Chief marketing officers and marketers are recognising that pricing transparency in programmatic advertising is a big challenge. To date, it has caused friction between programmatic vendors, publishers and buyers.
Following on from our first article in this series ‘Programmatic and the question of price transparency’, these questions offer a starter for advertisers who want to understand the costs of media, which should lead to productive and trusting relationships.
#1 How transparent is your price structure?
For most advertisers, this is the key question, so you may as well be direct. It is entirely understandable that you want the ability to view CPM-based fees and media agency fees in clear, separate formats.
#2 Do you declare your margin? How do you use you margin?
All providers charge a margin for their services. It is interesting to know how this margin is going to be declared to you on the invoice. Without this information, it will be hard for you to form a clear picture of ad effectiveness and performance.
Understanding how margin is used is also a good indicator of how progressive your agency or vendor might be/wants to be. Reinvestment in R&D, technology and/or infrastructure are the ‘top’ answer, along with people.
This leads to the question, what is a reasonable margin? It’s tough, but if you’re agency is willing to declare their margin that’s positive.
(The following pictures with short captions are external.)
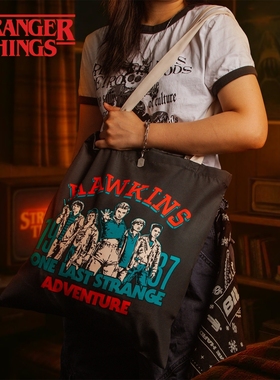 正版Stranger Things怪奇物语周边帆布包最后冒险手提袋Max单肩包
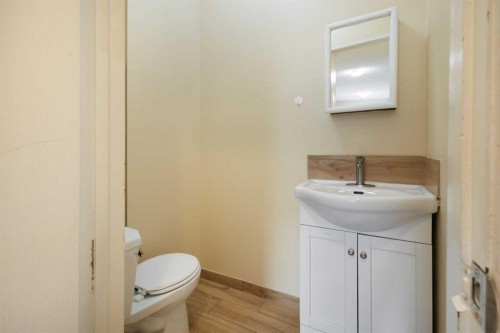 11268 6 Sw, Calgary, AB - Indoor Photo Showing Bathroom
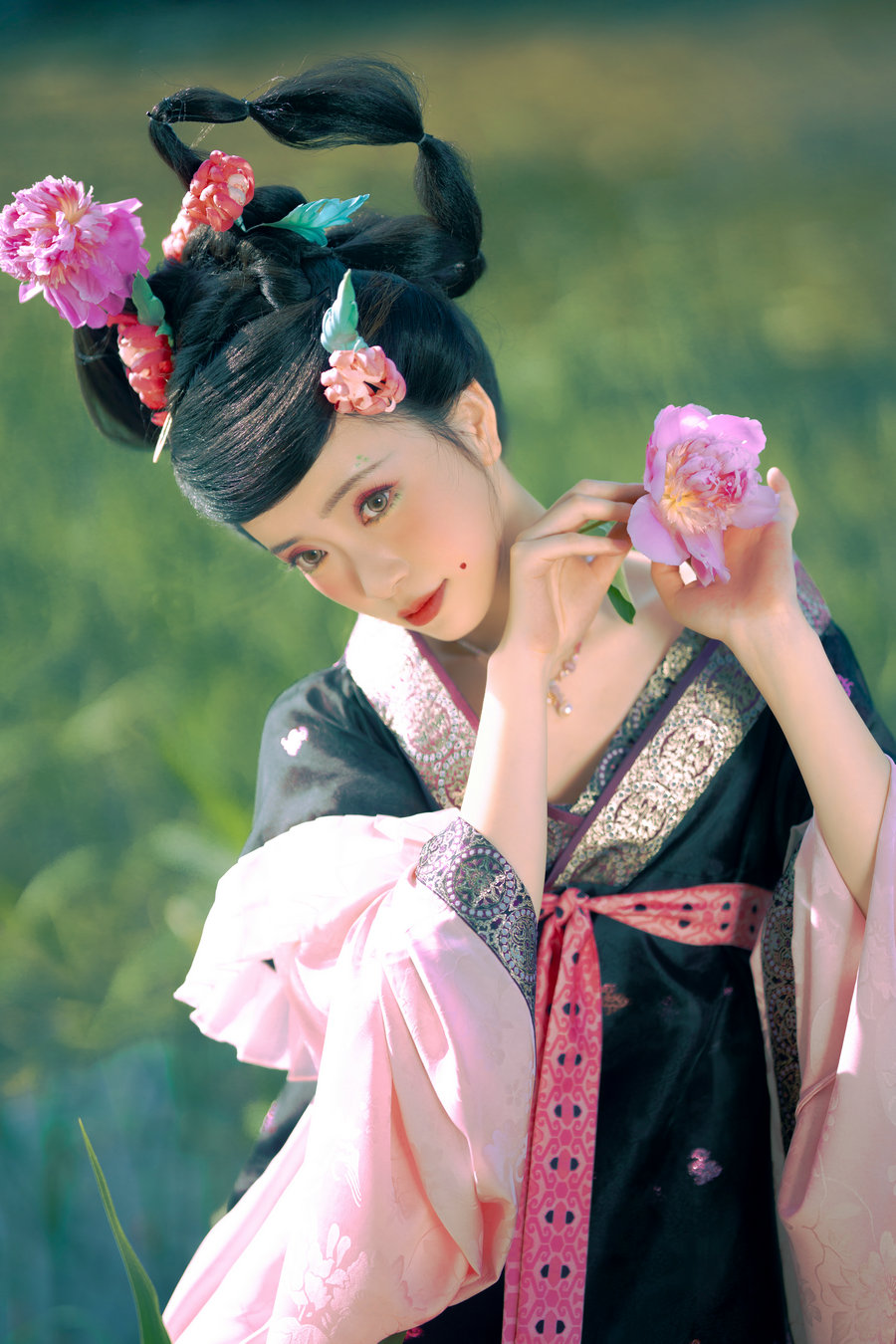 [YITUYU]艺图语 2025.08.26 倾杯序——芍药 桃迟 [12P-225MB]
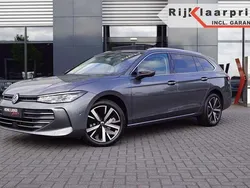 Grijs, metallic lak Gebruikt 2024 VW Passat Business Stationwagen | € 45.750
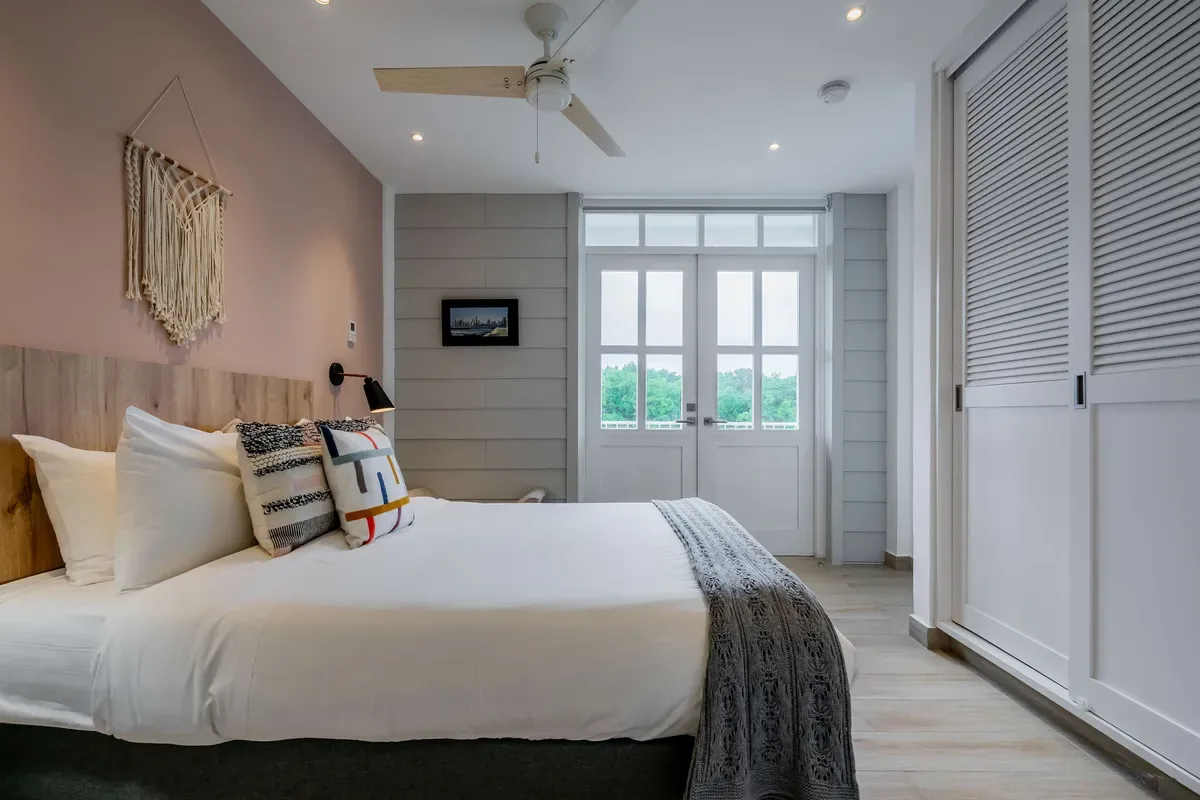 Luxury 1BR in Casco Antiguo w/ Balcony & View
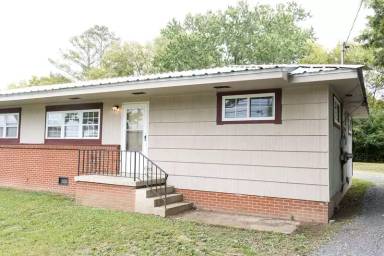 Main picture of 2410 Hickory Valley Rd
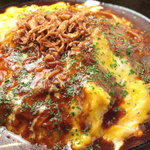 ダイニングダーツバーBee - 料理写真:Ｂｅｅ特性オムライス！がっつり行きたい方は是非！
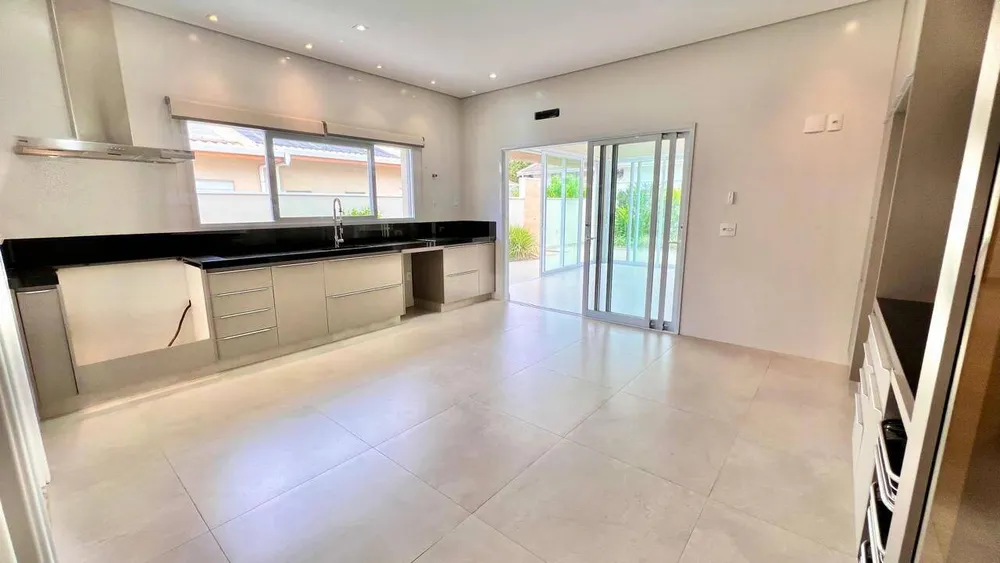 Casa, 3 quartos, 254 m² - Foto 1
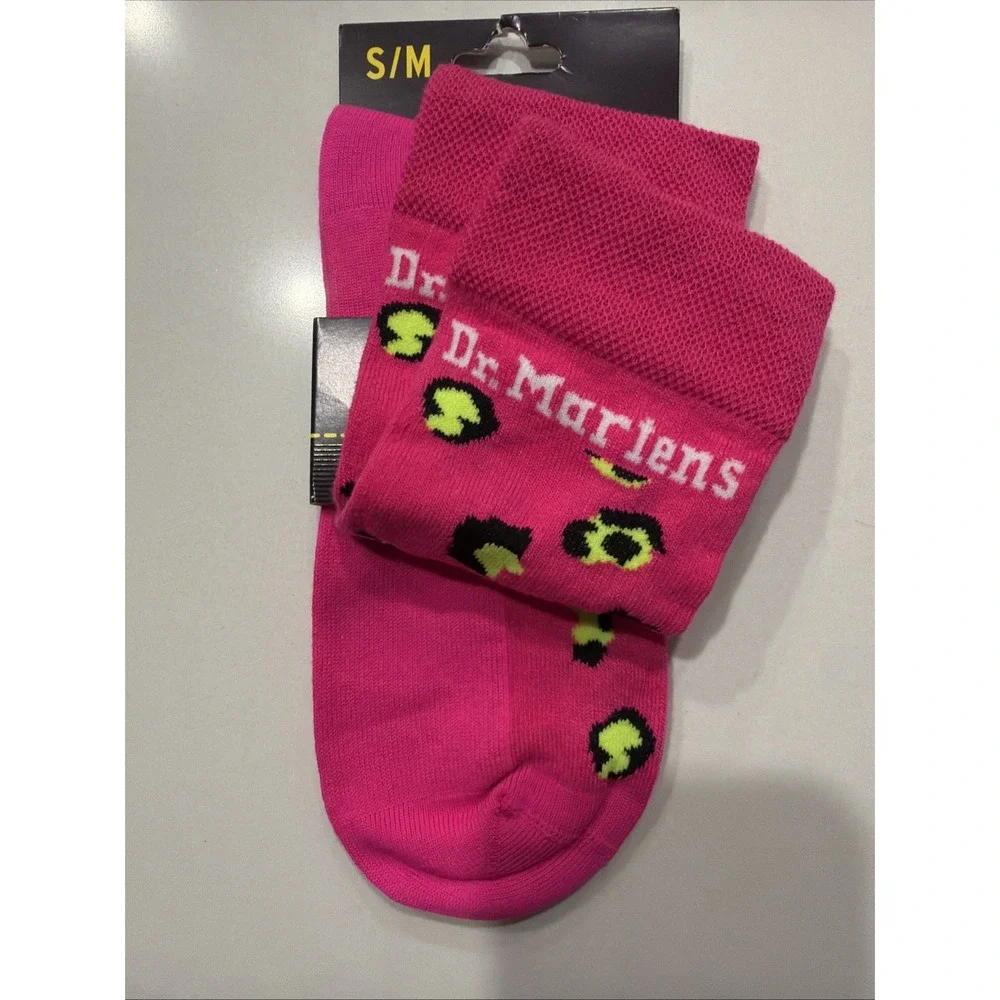 Dr Martens AD062682 Leopard Sock Clash Pink Crew Socks S/M NWT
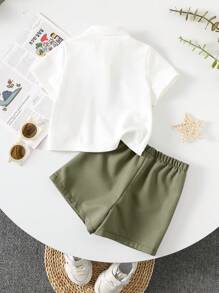 SHEIN 男童女童休闲日常菱形印花白色 Polo 衫和橄榄绿短裤两件套，适合春夏季 - 軍綠色 - 查看 2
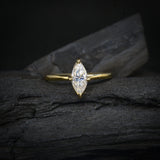 Anillo de compromiso con moissanita de 1.5ct corte marquise con certificado GRA elaborado en oro amarillo de 14k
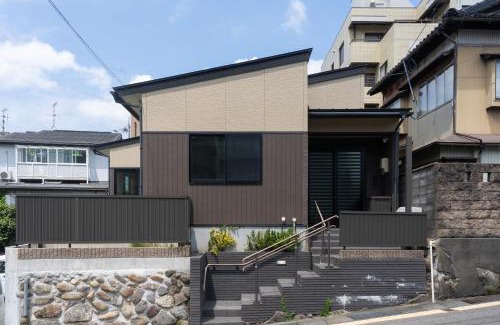 Kanazawa Villa | 下本多町 庵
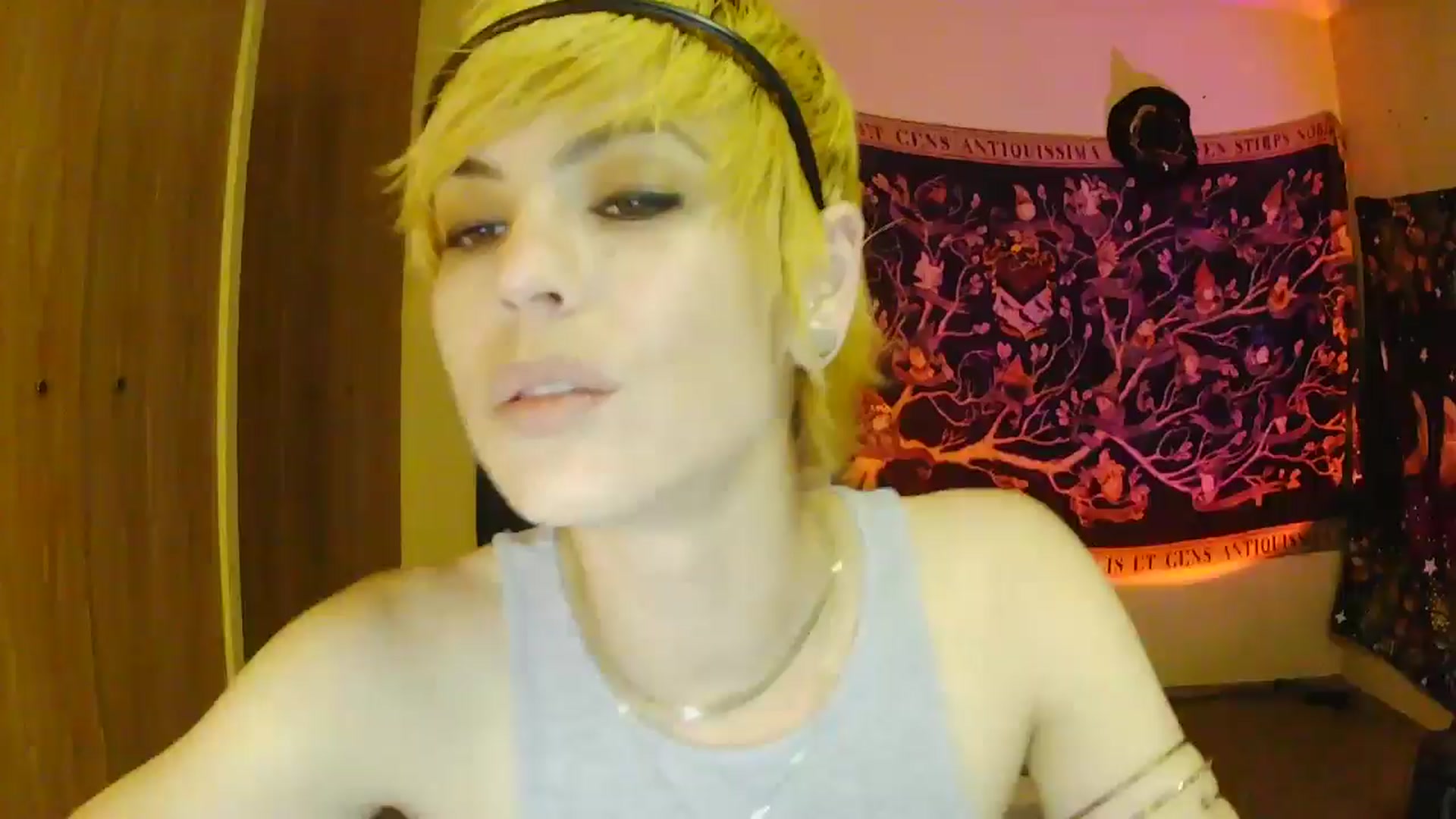 Gallery image thumbnail from Ancored's myfreecams stream on, 06/13/2025, 01:31 image 20 of 20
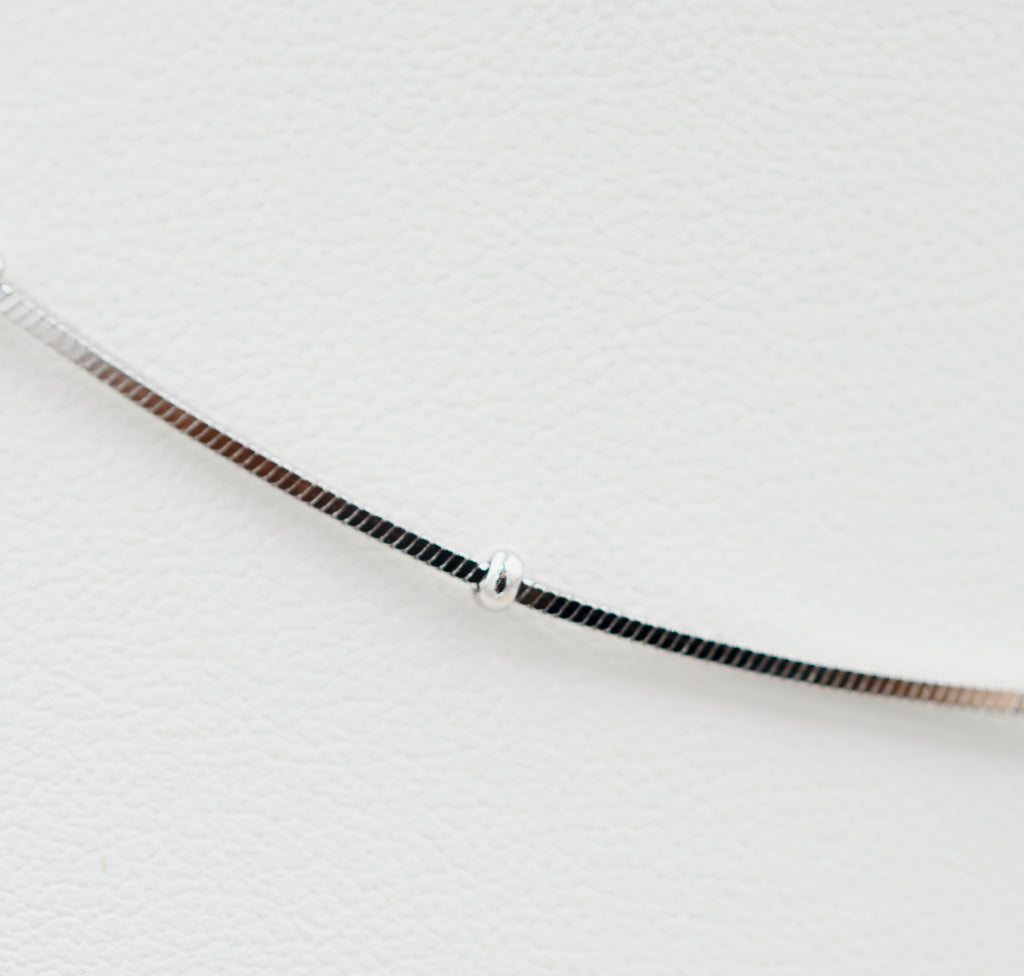 Chaîne perlé maille serpentine carré 0.8mm - Argent 925 rhodié de 40cm
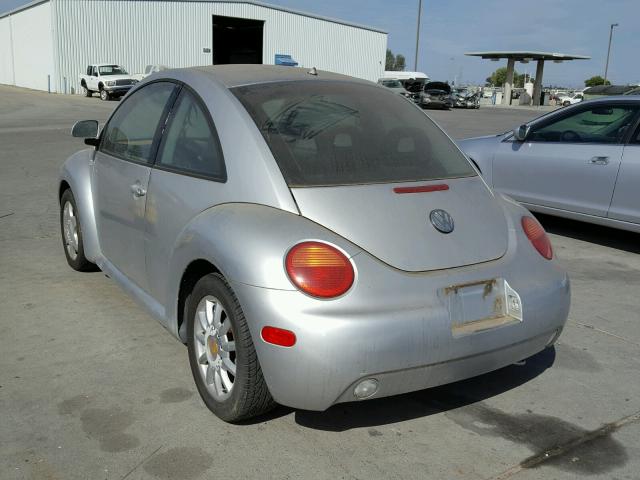 3VWCC21C8YM418997 - 2000 VOLKSWAGEN NEW BEETLE 银色 照片 3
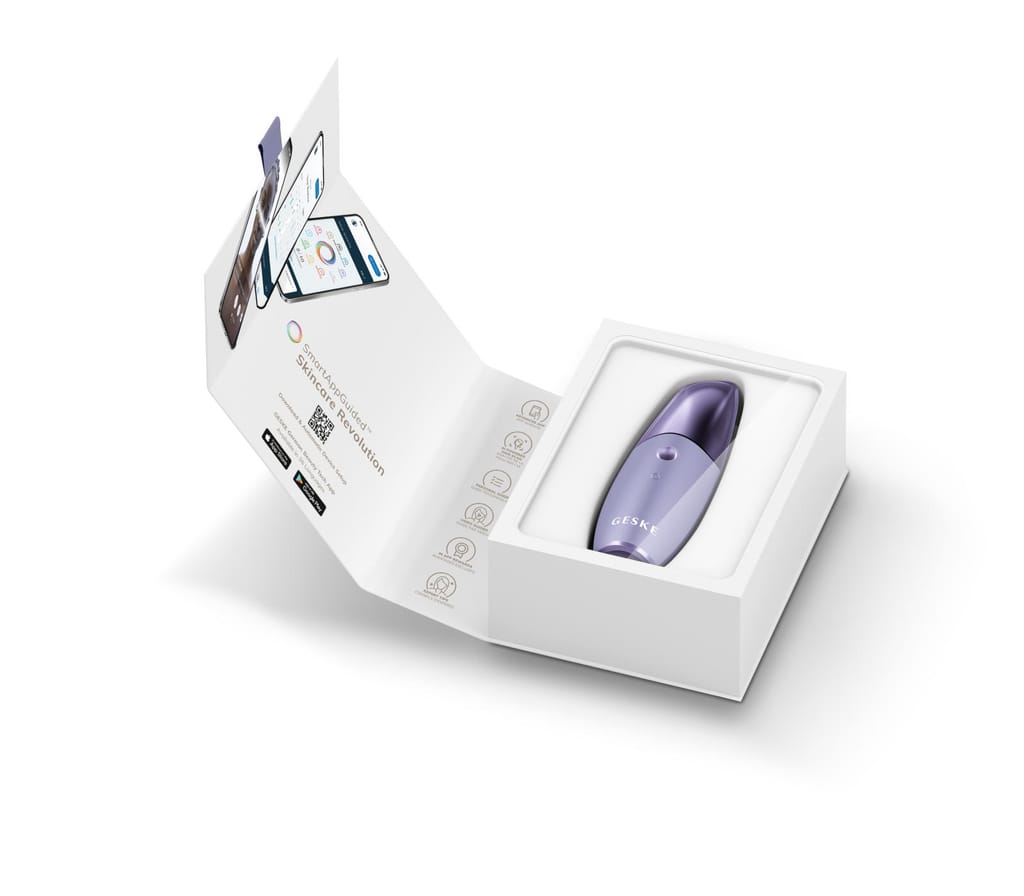 Фото товару: Зволожувач для шкіри обличчя GESKE Facial Hydration Refresher 4 in 1 purple № 8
If you think it looks ‘high’, but they re-invest it and, importantly, you see great results then the question becomes moot.
High margin is not necessarily bad if it is being reinvested to improve performance and you are seeing results.
#3 Do you have publisher/vendor agreements in place?
You’re asking two questions here; 1) will you benefit from any agreement efficiencies (will they be passed on?) and 2) will your campaign be planned objectively? Unfortunately agreements can come at the cost of an objective decision-making process, reflecting ‘rebate’ over the advertiser’s all-important key performance indicators.
#4 What tech in you stack is proprietary and what do you use a third party for?
Whilst some vendors use their own hardware and software, many will opt for third party solutions. This may mean that a second margin is payable on top of the vendor’s own margin. It is important to understand this situation in order to maintain an accurate picture of your outcome.
#5 Do you trade with or supply media to other tech providers?
Both of the above are common practice and can help to fulfil media buys but to some extent, they both mean that your data and the control over your advertising enters a subcontracting relationship over which you have no control. It is important to understand when and where these subcontracting relationships occur.